WHAT YOU WILL DO:
The job is to find each line in the entries holding the string "Wall" and copy that line.

Scraped caption text data
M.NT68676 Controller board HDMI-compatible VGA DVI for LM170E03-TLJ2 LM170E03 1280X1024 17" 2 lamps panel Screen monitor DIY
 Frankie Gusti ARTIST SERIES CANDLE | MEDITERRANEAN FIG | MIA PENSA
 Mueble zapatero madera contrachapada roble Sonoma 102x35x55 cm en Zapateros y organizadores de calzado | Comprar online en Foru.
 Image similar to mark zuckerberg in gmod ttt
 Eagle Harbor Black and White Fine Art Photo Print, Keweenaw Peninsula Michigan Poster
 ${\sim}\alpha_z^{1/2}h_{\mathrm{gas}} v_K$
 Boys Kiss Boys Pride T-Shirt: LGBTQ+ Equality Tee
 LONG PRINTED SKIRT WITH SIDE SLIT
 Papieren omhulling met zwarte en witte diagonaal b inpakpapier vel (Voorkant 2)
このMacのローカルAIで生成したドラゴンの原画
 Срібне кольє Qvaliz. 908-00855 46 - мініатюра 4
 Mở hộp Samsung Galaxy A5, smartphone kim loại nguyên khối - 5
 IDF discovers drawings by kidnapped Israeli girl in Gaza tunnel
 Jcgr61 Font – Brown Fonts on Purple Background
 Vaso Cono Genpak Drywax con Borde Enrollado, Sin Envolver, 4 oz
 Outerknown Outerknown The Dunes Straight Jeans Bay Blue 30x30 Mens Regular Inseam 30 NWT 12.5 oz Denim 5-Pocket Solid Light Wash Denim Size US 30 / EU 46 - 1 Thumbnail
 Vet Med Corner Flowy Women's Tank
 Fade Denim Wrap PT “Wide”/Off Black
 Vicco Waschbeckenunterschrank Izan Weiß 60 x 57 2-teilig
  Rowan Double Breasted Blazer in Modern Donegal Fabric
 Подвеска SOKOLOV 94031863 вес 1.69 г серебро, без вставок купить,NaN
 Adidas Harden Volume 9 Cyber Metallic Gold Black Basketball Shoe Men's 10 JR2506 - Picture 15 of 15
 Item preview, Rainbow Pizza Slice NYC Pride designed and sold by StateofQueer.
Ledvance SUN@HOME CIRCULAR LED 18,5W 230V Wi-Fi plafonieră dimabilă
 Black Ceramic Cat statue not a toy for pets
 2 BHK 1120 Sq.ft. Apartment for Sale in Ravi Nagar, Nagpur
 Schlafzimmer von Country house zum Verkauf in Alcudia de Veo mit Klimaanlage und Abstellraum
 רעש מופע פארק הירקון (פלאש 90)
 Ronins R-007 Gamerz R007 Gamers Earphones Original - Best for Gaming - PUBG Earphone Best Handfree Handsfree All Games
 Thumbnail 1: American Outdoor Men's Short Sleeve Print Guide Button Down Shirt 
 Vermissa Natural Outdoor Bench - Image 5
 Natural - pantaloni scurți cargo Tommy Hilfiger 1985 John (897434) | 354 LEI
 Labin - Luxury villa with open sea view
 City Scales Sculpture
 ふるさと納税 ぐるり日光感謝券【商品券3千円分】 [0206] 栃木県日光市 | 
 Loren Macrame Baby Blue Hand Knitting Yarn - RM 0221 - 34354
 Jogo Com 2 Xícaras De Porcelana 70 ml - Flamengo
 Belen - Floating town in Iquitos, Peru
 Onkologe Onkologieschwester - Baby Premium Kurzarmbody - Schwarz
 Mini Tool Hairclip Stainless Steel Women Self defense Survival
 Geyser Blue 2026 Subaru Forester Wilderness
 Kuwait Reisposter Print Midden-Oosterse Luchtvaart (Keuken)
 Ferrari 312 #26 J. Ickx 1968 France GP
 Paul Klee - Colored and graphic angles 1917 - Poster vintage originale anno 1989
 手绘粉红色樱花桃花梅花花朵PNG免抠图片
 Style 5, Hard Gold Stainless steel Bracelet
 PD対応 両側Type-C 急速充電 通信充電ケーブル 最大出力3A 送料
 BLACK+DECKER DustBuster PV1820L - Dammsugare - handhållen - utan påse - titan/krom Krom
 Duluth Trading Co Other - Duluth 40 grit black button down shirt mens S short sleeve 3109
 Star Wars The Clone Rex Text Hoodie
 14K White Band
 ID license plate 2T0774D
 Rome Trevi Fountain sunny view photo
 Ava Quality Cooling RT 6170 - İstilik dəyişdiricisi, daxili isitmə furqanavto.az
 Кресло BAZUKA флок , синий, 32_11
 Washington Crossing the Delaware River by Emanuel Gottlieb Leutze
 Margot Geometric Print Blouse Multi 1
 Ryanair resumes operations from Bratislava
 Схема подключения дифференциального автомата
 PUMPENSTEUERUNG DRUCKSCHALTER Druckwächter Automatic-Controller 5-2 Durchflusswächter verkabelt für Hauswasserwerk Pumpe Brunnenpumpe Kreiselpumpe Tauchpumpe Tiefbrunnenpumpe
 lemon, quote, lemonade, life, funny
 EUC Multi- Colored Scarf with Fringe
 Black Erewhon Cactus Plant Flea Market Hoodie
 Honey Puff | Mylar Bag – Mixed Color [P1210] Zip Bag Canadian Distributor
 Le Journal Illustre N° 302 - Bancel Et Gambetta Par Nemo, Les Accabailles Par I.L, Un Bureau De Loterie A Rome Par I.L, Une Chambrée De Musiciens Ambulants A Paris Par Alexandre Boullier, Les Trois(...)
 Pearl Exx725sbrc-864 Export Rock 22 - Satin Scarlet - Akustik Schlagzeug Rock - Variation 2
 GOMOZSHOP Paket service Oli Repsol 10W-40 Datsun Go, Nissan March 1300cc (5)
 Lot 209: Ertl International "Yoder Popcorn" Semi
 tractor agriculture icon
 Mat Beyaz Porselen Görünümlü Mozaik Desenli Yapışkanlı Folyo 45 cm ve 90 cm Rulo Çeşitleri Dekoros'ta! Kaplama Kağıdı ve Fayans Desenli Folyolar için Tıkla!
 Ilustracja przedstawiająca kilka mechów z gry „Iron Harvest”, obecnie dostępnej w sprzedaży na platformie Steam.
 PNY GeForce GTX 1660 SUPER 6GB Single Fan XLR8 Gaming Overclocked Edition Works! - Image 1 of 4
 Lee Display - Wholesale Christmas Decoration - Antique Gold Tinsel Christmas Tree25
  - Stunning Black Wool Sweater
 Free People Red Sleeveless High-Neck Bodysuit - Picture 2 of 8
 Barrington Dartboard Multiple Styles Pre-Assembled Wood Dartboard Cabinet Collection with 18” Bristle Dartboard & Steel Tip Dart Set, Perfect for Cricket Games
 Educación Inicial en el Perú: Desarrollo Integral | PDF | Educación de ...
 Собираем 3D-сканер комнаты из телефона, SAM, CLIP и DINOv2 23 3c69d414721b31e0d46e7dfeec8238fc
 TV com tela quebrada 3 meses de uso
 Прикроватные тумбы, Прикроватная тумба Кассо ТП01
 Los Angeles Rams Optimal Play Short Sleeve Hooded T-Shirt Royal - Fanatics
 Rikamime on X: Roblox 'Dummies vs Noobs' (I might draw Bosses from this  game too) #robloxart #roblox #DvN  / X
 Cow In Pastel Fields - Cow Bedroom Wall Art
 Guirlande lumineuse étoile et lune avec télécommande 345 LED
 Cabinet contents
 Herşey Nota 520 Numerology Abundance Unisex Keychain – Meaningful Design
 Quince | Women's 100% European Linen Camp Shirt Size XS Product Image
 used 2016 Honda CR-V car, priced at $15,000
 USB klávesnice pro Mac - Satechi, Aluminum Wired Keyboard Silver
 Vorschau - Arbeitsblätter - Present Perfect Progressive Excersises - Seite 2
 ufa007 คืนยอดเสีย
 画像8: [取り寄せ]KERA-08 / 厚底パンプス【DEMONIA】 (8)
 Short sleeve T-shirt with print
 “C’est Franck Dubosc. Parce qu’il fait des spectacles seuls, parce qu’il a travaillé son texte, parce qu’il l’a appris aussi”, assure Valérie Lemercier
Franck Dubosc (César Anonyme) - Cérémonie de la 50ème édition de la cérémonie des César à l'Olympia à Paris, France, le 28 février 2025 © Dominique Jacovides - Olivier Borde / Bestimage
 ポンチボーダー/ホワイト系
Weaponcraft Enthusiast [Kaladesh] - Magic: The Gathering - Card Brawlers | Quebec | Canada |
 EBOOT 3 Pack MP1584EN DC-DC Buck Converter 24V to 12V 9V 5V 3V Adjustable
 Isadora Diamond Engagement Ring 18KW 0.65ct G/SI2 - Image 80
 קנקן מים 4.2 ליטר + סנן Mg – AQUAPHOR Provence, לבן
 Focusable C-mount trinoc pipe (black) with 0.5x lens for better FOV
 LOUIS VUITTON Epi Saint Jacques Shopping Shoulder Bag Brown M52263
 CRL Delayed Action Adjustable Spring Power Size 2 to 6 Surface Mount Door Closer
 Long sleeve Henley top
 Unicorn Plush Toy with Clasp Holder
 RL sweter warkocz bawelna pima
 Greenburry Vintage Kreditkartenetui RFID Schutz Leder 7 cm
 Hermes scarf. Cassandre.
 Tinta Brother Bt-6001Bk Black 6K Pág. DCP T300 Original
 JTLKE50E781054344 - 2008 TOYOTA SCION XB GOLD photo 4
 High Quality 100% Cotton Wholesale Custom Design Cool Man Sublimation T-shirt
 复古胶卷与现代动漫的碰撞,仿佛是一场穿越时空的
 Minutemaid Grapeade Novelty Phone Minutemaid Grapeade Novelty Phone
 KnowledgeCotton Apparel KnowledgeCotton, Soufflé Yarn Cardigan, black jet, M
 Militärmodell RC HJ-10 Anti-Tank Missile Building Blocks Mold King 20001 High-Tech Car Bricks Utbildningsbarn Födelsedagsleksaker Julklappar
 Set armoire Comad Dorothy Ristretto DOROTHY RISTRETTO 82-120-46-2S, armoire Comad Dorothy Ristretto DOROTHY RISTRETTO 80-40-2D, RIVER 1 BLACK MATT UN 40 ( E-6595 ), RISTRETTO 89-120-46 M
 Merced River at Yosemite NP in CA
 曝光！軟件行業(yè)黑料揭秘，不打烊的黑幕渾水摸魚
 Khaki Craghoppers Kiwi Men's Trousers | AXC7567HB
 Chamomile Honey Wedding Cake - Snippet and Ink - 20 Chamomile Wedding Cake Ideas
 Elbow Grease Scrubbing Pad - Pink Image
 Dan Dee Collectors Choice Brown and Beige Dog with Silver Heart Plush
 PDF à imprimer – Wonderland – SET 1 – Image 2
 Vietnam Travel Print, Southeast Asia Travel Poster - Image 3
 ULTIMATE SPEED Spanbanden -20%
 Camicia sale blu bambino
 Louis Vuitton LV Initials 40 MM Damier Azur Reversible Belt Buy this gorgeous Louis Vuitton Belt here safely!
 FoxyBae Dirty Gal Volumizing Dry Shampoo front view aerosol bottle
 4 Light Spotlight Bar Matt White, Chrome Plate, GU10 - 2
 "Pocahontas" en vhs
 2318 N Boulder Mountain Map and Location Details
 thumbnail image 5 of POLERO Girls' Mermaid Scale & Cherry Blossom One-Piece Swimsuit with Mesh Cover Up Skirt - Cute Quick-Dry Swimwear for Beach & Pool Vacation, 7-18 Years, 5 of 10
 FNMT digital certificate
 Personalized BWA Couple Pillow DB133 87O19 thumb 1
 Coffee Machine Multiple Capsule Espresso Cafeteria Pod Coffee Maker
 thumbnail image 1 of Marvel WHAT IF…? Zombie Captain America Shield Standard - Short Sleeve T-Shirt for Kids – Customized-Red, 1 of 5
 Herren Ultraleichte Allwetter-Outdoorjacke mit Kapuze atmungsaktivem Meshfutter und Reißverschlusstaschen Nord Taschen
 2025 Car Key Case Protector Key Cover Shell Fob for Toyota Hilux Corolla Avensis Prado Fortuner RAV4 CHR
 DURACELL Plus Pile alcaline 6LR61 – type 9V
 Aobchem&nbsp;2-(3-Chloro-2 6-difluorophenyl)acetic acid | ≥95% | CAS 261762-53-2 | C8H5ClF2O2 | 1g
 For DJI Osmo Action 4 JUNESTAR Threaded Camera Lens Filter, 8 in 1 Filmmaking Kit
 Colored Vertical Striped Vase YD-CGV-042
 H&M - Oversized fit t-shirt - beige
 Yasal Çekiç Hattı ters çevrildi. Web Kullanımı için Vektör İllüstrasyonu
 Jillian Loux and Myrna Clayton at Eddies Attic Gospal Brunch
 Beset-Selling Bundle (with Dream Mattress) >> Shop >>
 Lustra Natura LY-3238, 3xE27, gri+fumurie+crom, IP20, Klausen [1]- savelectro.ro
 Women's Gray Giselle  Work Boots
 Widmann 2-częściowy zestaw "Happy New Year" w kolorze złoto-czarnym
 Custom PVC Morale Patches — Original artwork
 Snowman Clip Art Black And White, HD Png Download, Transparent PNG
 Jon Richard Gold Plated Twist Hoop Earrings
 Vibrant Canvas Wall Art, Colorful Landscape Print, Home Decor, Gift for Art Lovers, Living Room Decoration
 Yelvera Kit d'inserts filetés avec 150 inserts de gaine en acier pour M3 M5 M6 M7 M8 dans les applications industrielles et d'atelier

EXERCISE OUTPUT:
 Cow In Pastel Fields - Cow Bedroom Wall Art
 Vibrant Canvas Wall Art, Colorful Landscape Print, Home Decor, Gift for Art Lovers, Living Room Decoration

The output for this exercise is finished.